## Work to be completed:
Would you repeat the entries below exactly and omit the pictures?

## Source data:
§ §

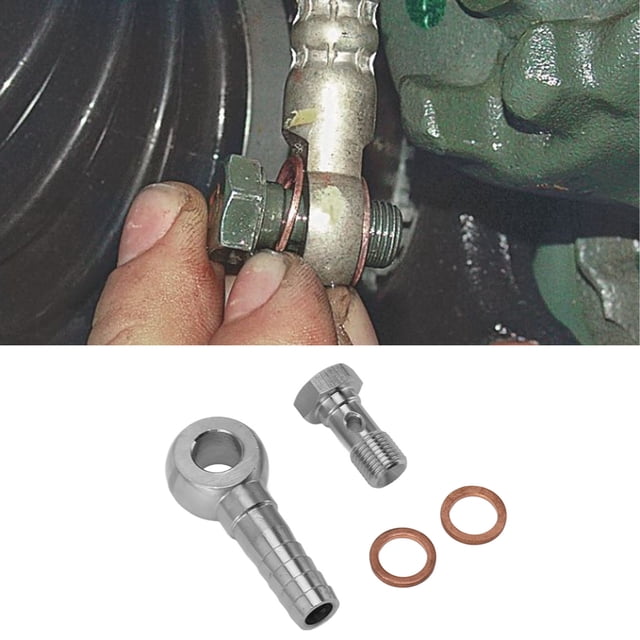 Accesorios De Perno De Lengüeta De Manguera Banjo, Perno Banjo De Freno De Alta Durabilidad, Soporte De Carga Alta, Amplia Aplicabilidad Para Conexiones De Tuberías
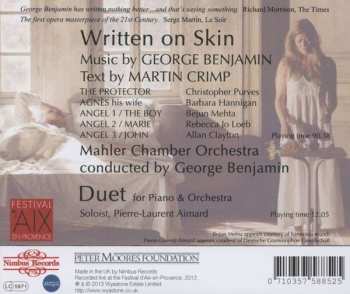 2CD Barbara Hannigan: Written On Skin / Duet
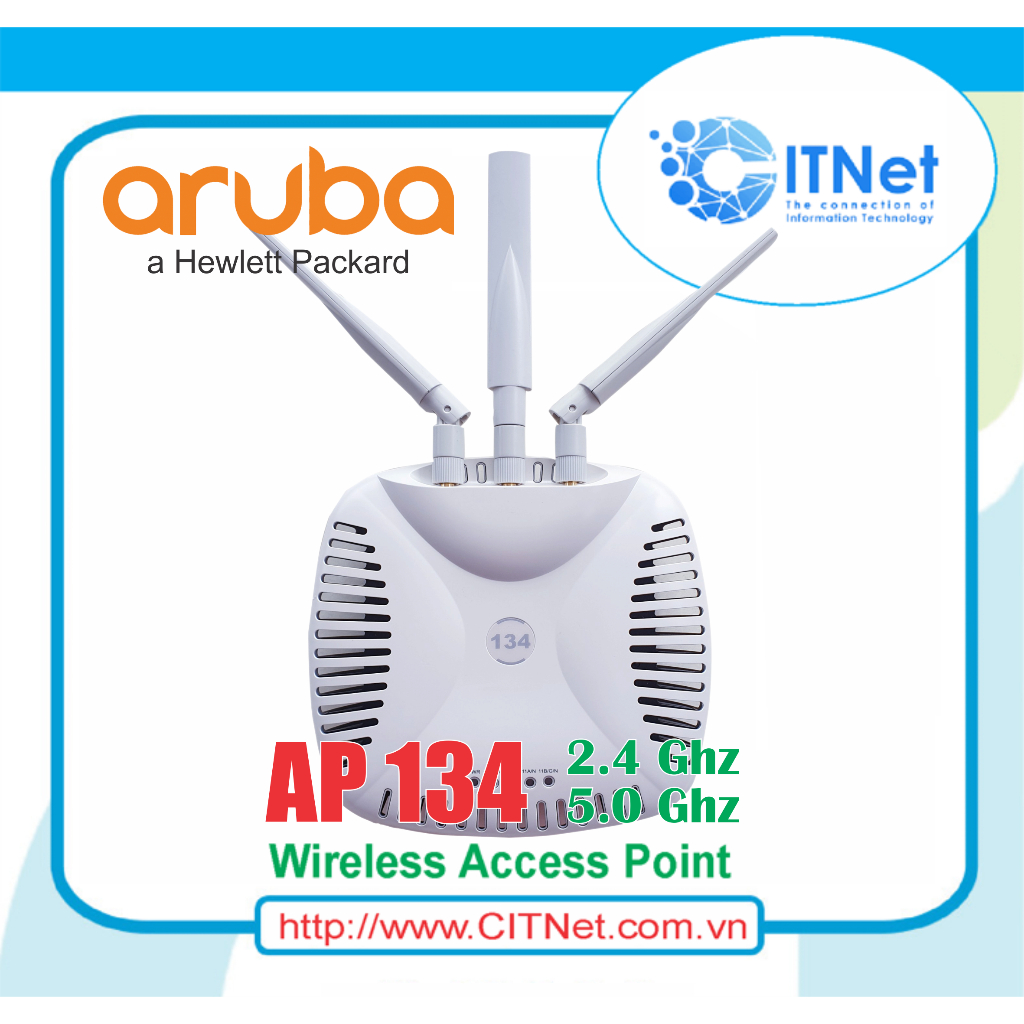 Bộ phát wifi chuyên dụng Aruba IAP 134 Hai băng tần 2.4Ghz - 5Ghz, tính năng MESH vs ROAMING (BH 12 Tháng)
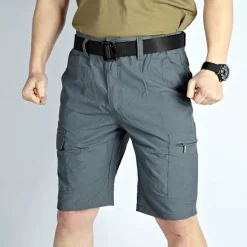 Best OUKU Men's Tactical Shorts Cargo Shorts Shorts Hiking Shorts Buttons Multi Pocket Plain Wearable Short Outdoor Daily Going out Fashion Classic Black Army Green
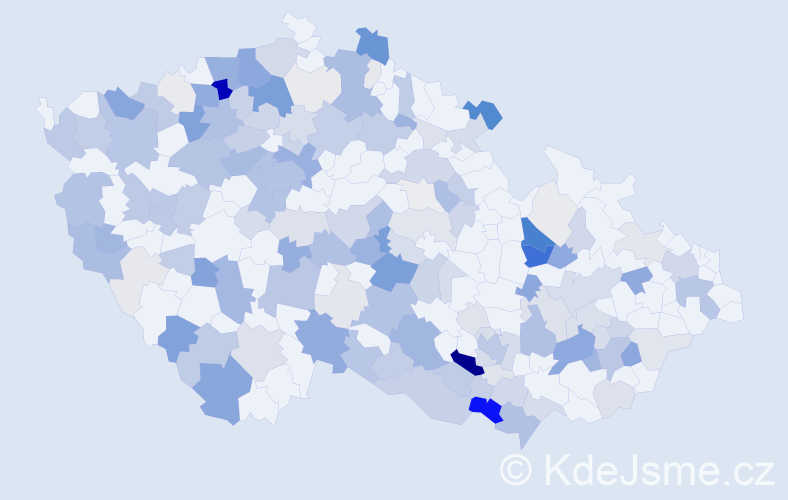 Příjmení: 'Zimmermannová', počet výskytů 643 v celé ČR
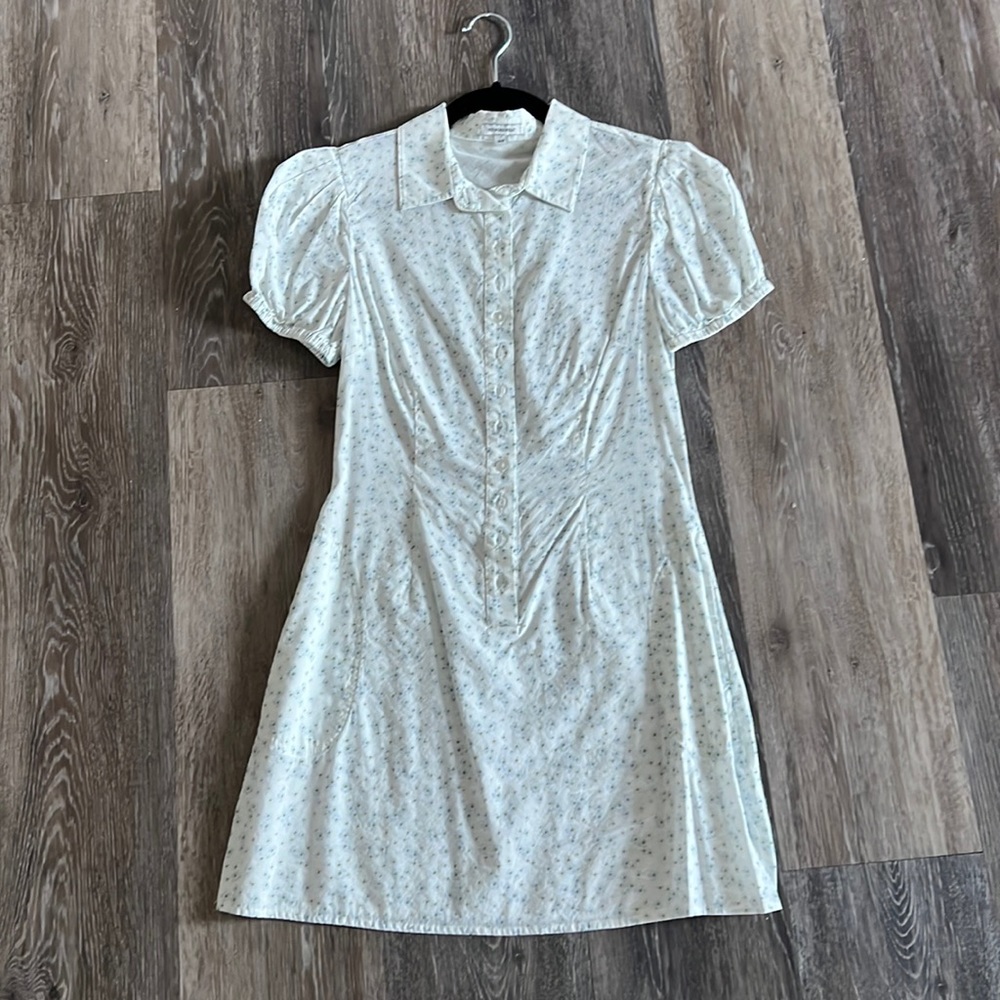 WeWoreWhat Elle Floral Puff Sleeve Dress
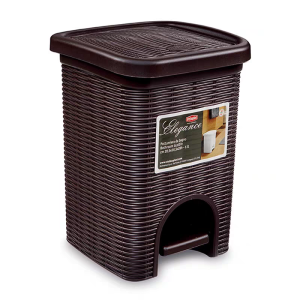 Trash Can Rattan Pedal Trash Can 8.5L/22L - Image 8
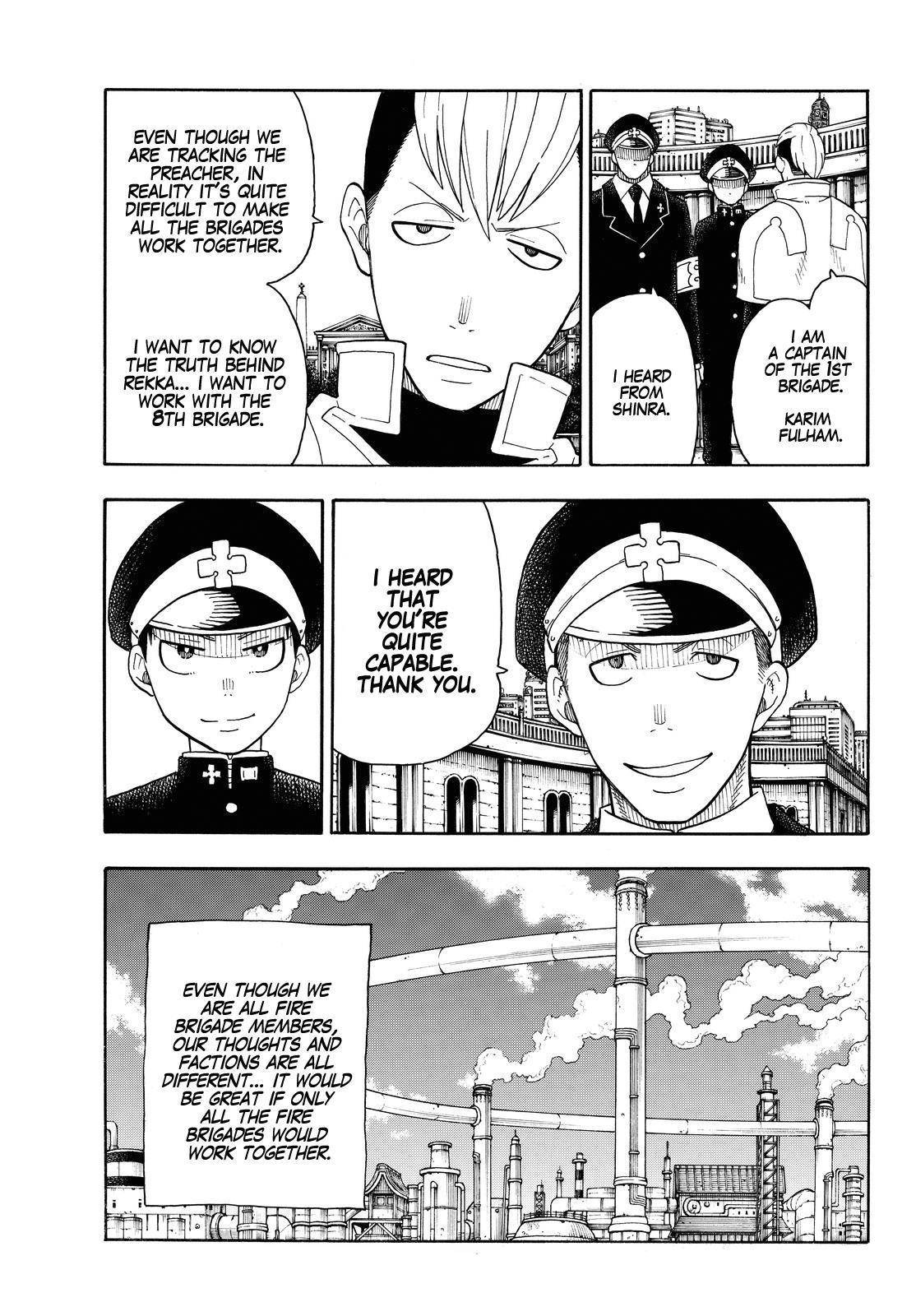 Enen no Shouboutai Chapter 34 page 9 - Chapter 34: Boy Knight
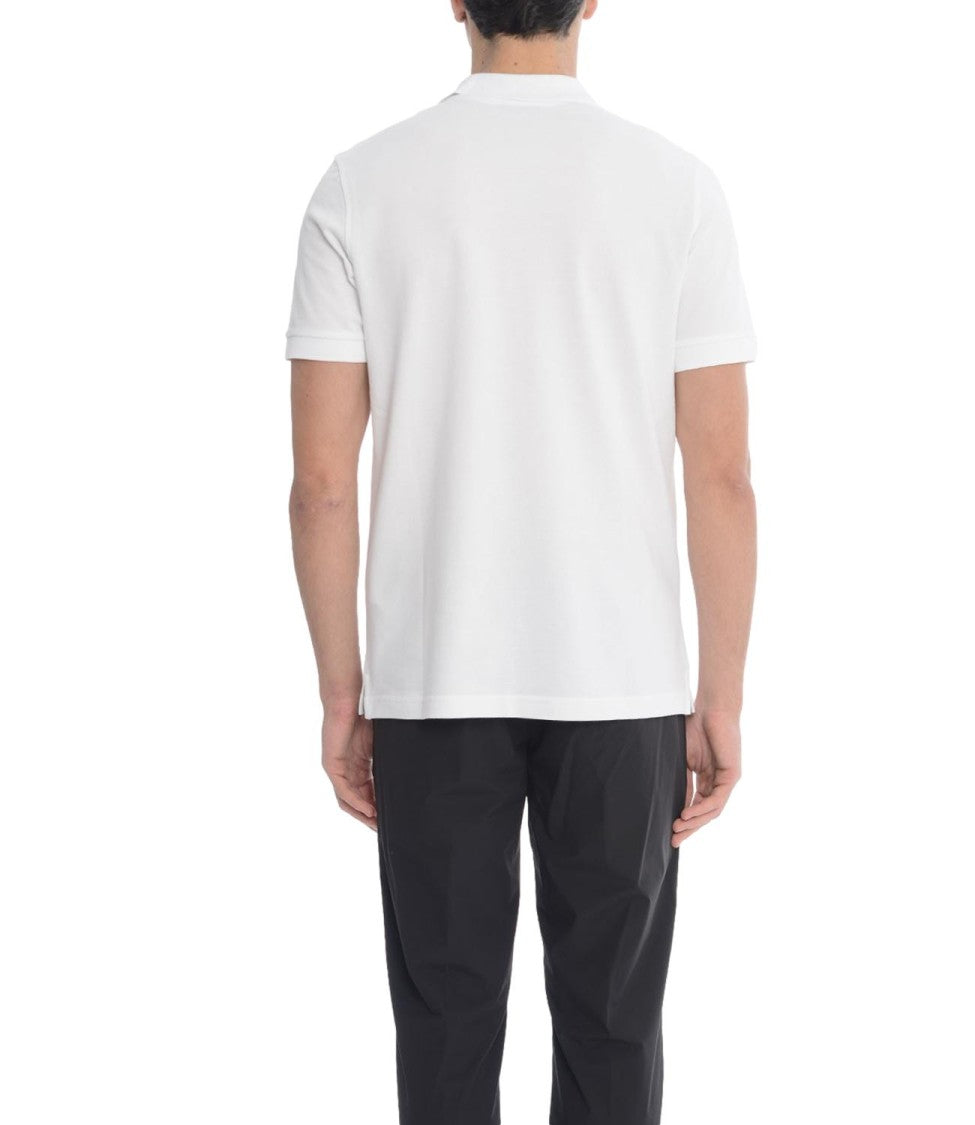 Fay Piqué Stretch Polo Shirt
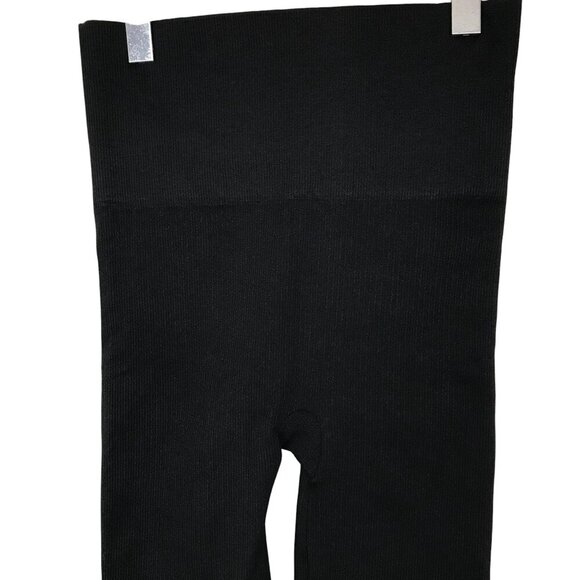 Spanx Black Look At Me Ribbed High Rise  Leggings Size XL - Picture 3 of 6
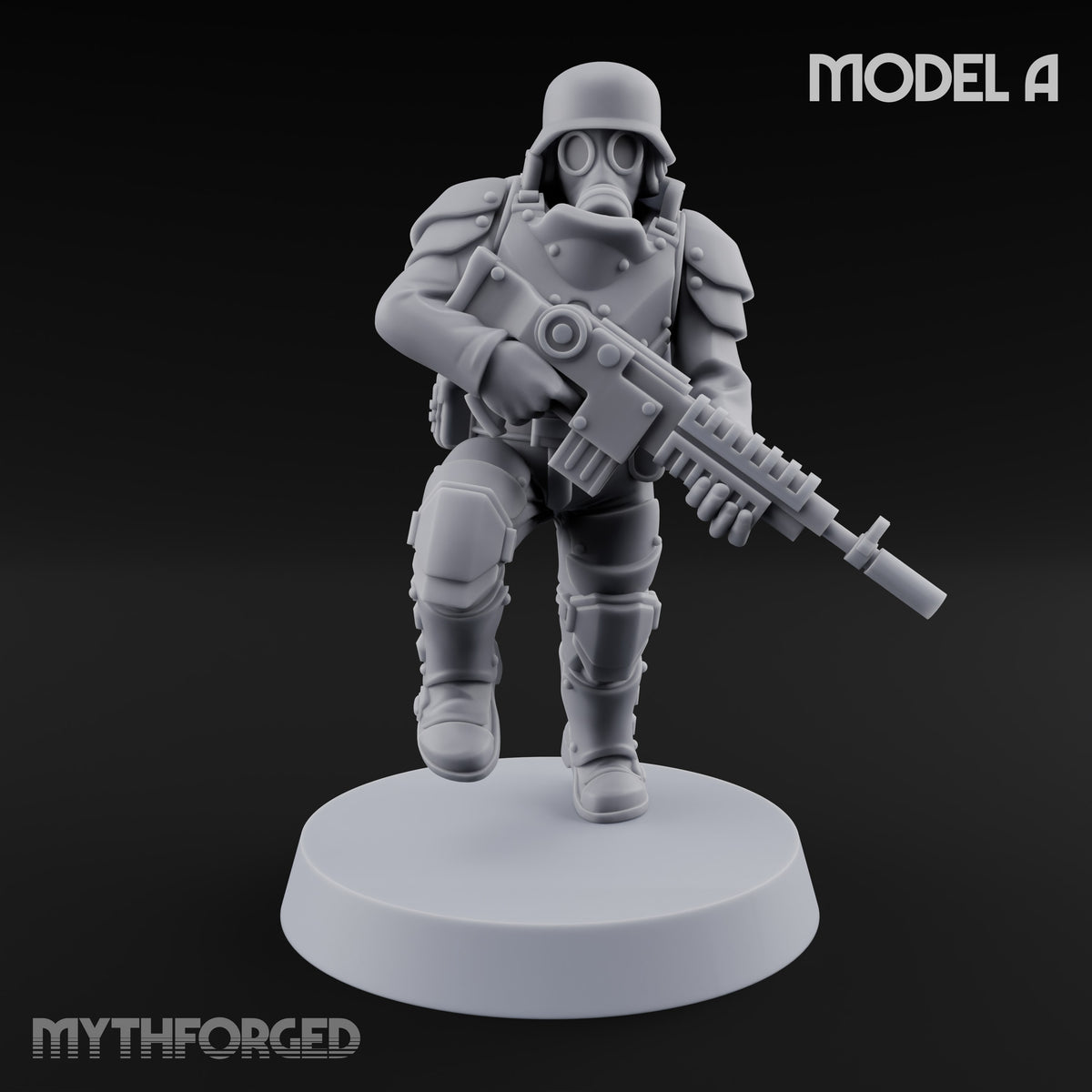 Trust the Moustache Human Armoured Heavy Weapons Soldier A — Gun 1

§ §

## Exercise result:
 Accesorios De Perno De Lengüeta De Manguera Banjo, Perno Banjo De Freno De Alta Durabilidad, Soporte De Carga Alta, Amplia Aplicabilidad Para Conexiones De Tuberías
 2CD Barbara Hannigan: Written On Skin / Duet
 Bộ phát wifi chuyên dụng Aruba IAP 134 Hai băng tần 2.4Ghz - 5Ghz, tính năng MESH vs ROAMING (BH 12 Tháng)
 Best OUKU Men's Tactical Shorts Cargo Shorts Shorts Hiking Shorts Buttons Multi Pocket Plain Wearable Short Outdoor Daily Going out Fashion Classic Black Army Green
 Příjmení: 'Zimmermannová', počet výskytů 643 v celé ČR
 WeWoreWhat Elle Floral Puff Sleeve Dress
 Trash Can Rattan Pedal Trash Can 8.5L/22L - Image 8
 Enen no Shouboutai Chapter 34 page 9 - Chapter 34: Boy Knight
 Fay Piqué Stretch Polo Shirt
 Spanx Black Look At Me Ribbed High Rise  Leggings Size XL - Picture 3 of 6
 Trust the Moustache Human Armoured Heavy Weapons Soldier A — Gun 1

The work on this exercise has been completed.